Although it is clear that preliminary negotiations are presumed to be merged into a written contract, such negotiations may be considered by the court when the subject matter of the negotiations may affect the meaning of the words employed and the fair intention of the parties: Dowgiel v. Reid, 359 Pa. 448 (1948); Myers’ Estate, 238 Pa. 195 (1913).
Monaco’s objections are based solely on the letter of October 31, 1969, which recites that plaintiff and counsel “will not press any further executions or attachments against me until (a) they have exhausted all negotiations and all efforts in any actions necessary with the two insurance companies in order to obtain payment to discharge judgments in the said case . . .”
[327]*327Applying the applicable rules of construction to the instant facts, it becomes clear that the parties did not' fairly intend that plaintiff must complete all garnishment proceedings against Monaco’s two liability carriers before issuing any other attachment executions, unless it can also be concluded that Monaco agreed and intended not to appeal.
Otherwise, it must be concluded either that an appeal by Monaco could not appreciably affect the course of the intended negotiations between plaintiff and Monaco’s insurance carriers and the garnishment proceedings against them or that plaintiff intended to accept such difficulties and the effects that an appeal might have on plaintiff’s ability to deal with Monaco’s carriers.
Either proposition causes an absurd and unjust result. Under the circumstances, it is patently unreasonable to conclude that this was plaintiff’s fair intention. At the very least, an ambiguity is raised which requires the use of extrinsic aids such as the attendant conditions and circumstances, the nature of the subject matter, the motives or objects to be accomplished, the relation of the parties, the rights in regard to which they negotiated and the consideration paid: East Crossroads Center, Inc. v. Mellon-Stuart Co., 416 Pa. 229 (1965); Plasterer Estate, 413 Pa. 513 (1964); New Charter Coal Co. v. McKee, 411 Pa. 307 (1963); United Refining Co. v. Jenkins, 410 Pa. 126 (1963); Atlantic Refining Co. v. Wyoming Nat. Bank of Wilkes-Barre, 356 Pa. 226 (1947); City of Philadelphia v. Philadelphia Transp. Co., 345 Pa. 244 (1942).

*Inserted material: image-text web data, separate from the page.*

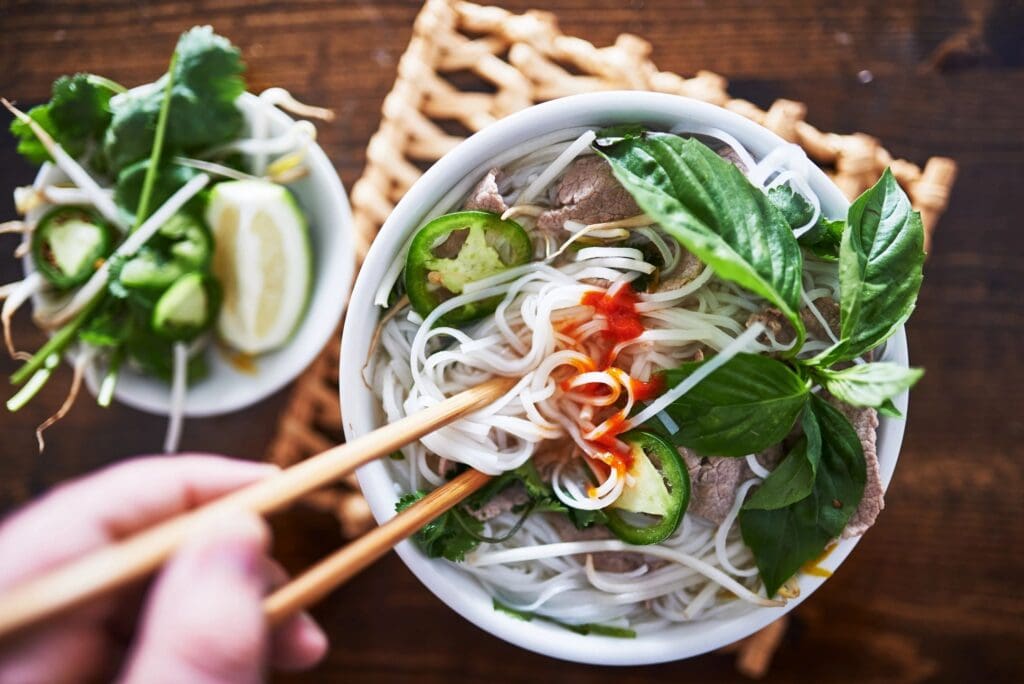 A bowl of soup with chopsticks in it.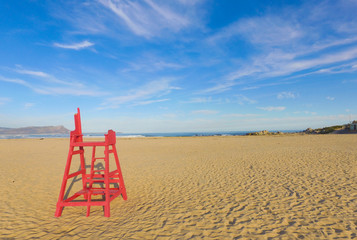 Red Lifesavers Chair on the Beach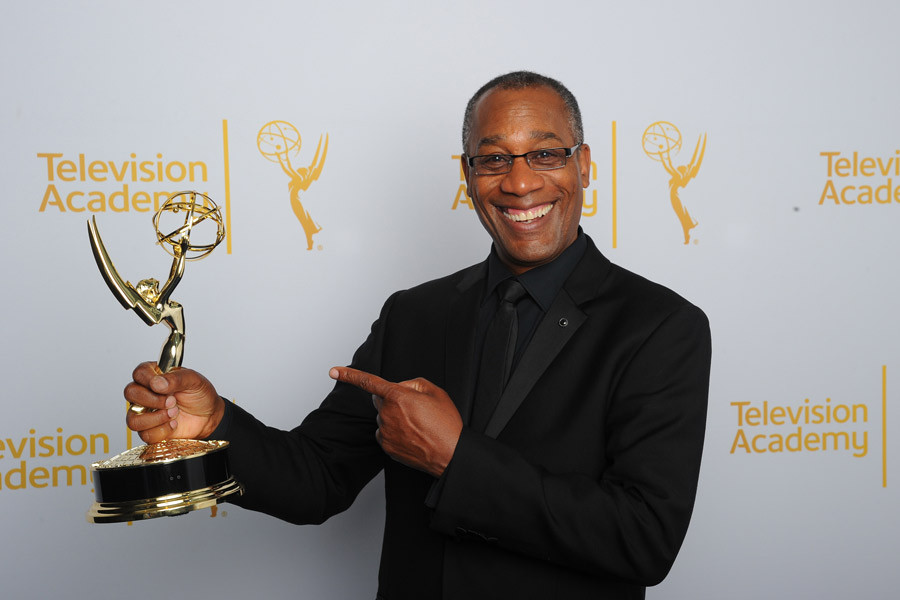 Joe Morton of Scandal celebrates at the 2014 Primetime Creative Arts Emmys.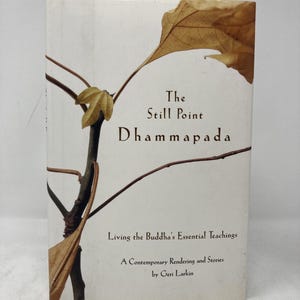 May include: A book titled "The Still Point Dhammapada" with text "Living the Buddha's Essential Teachings" and "A Contemporary Rendering and Stories by Geri Larkin." The cover features a branch with brown leaves.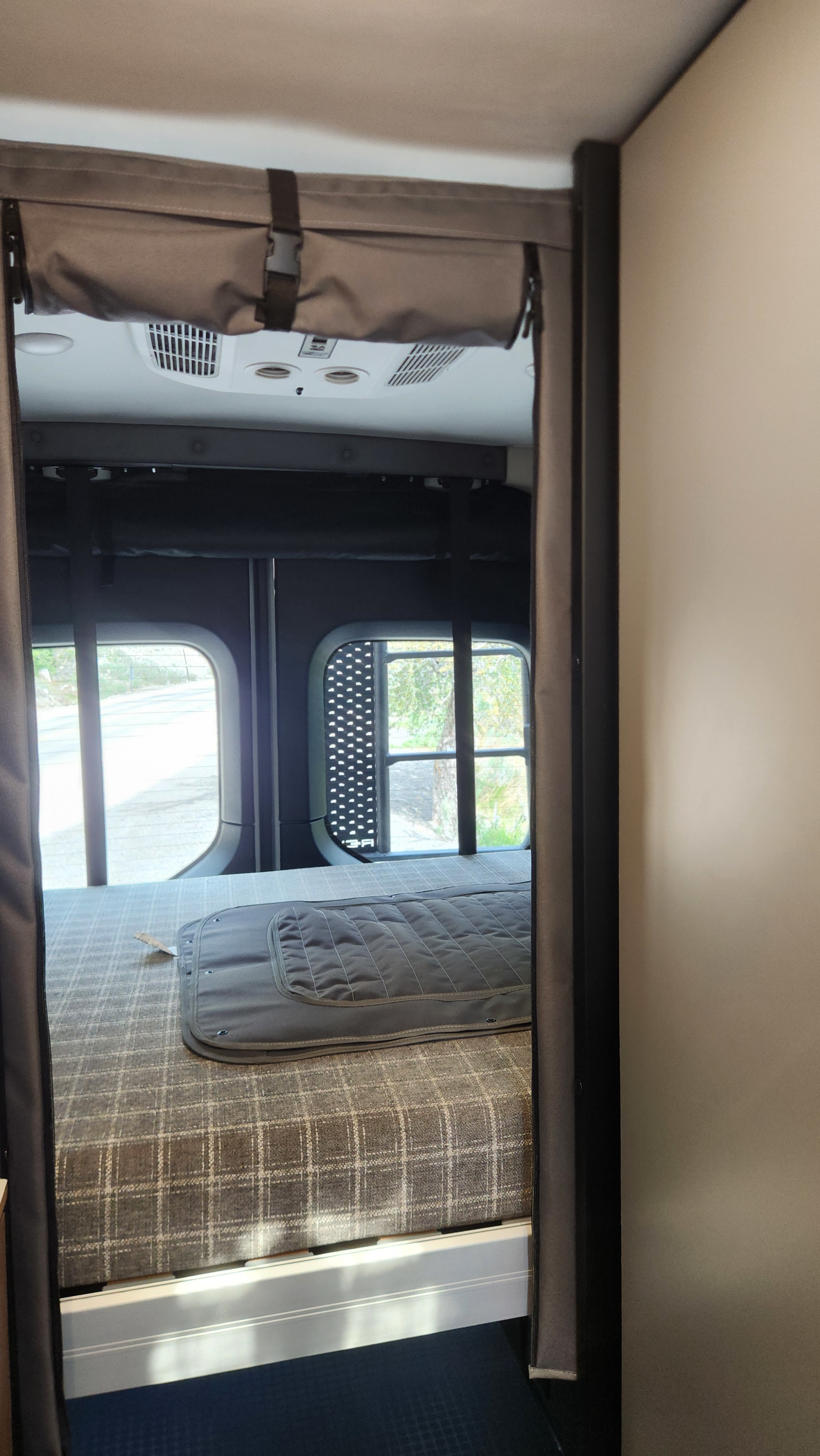 Experience comfort in this RV rental's bedroom. Features a plaid bed, large windows, and overhead AC in a compact camper van.. Winnebago Revel 2026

As a construction aid, reference to Judge Adams’ letter of October 24, 1969, to Monaco clarifies plaintiff’s intention to withdraw the executions stipulated, withhold further executions until May 1, 1970, and, during the interim, to negotiate with Monaco’s two [328]*328liability carriers in an effort to obtain payment of the judgments from them. Further clarification is provided by the condition that an appeal by Monaco “would act to release our client from the above arrangement.”
The court will not evaluate the adequacy of the consideration to determine whether or not an enforceable contract was created, but the adequacy of payment by Monaco of $10,000 may be considered to ascertain the fair intention of the parties. Since the judgments against Monaco exceeded $245,000, the payment of $10,000 was very small when weighed against the obligation which Monaco argues that plaintiff agreed to relinquish in exchange therefor.
For these reasons, the court is compelled to conclude that the only reasonable intention of the parties is that plaintiff agreed to withdraw the executions stipulated in Judge Adams’ letter of October 24, 1969, which had already been done, to withhold any further executions until May 1, 1970, and meanwhile to negotiate with Monaco’s liability carriers, subject, however, to the condition that Monaco would not appeal. The court further concludes that in the light of all the circumstances, including the letters of October 24, and 31, 1971, it would be unreasonable, absurd and unjust to conclude that plaintiff intended to give up its right to obtain payment of the judgments from all other sources except through the questionable source of Monaco’s liability carriers regardless of defendant’s action on appeal.
In this context, Monaco’s appeal negated plaintiff’s agreement to forbear in its attachment executions.
In accordance with the foregoing, defendant’s preliminary objections to the attachment execution are denied.